SUPPLIED DATA:
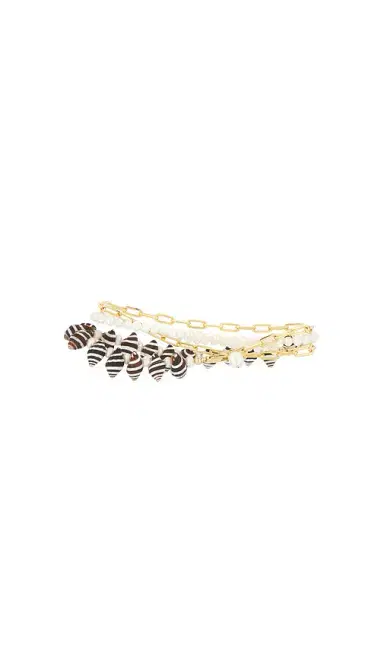éliou Cabana Anklet | Thumbnail 2 éliou Cabana Anklet | Thumbnail 2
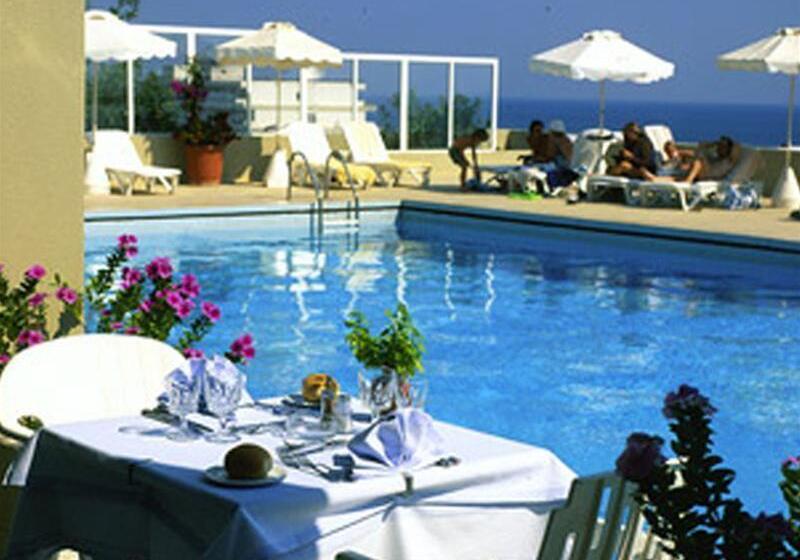 ホテル Calypso Palace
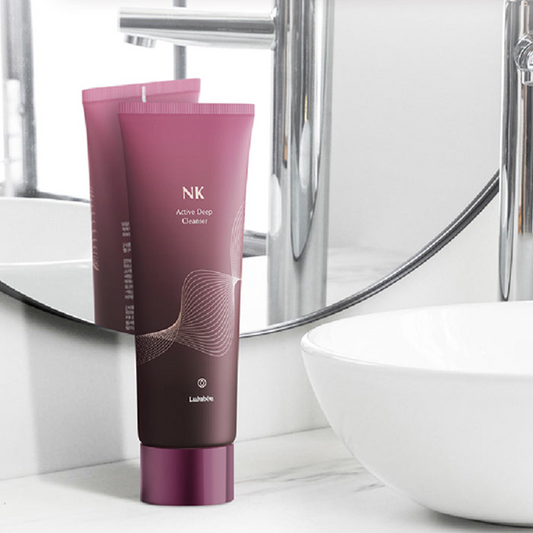 韓國Lulubeu NK CELL活性深層潔顏乳 (P3470)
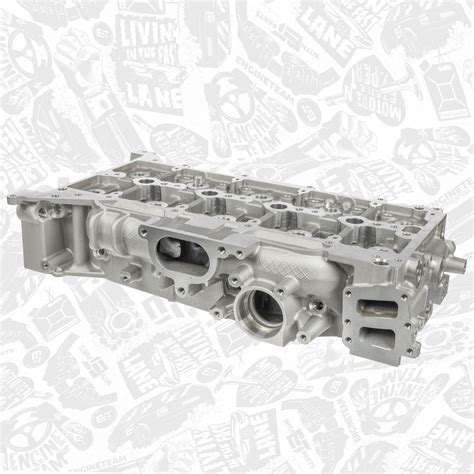 Cylinder Head Hl Vr Et Engineteam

WHAT TO WORK ON: Only the lines starting at the one that holds "ホテル Calypso Palace" and ending at the last line of the data belong in your answer. Please set them down exactly and omit the pictures.

TASK ANSWER:
 ホテル Calypso Palace
 韓國Lulubeu NK CELL活性深層潔顏乳 (P3470)
 Cylinder Head Hl Vr Et Engineteam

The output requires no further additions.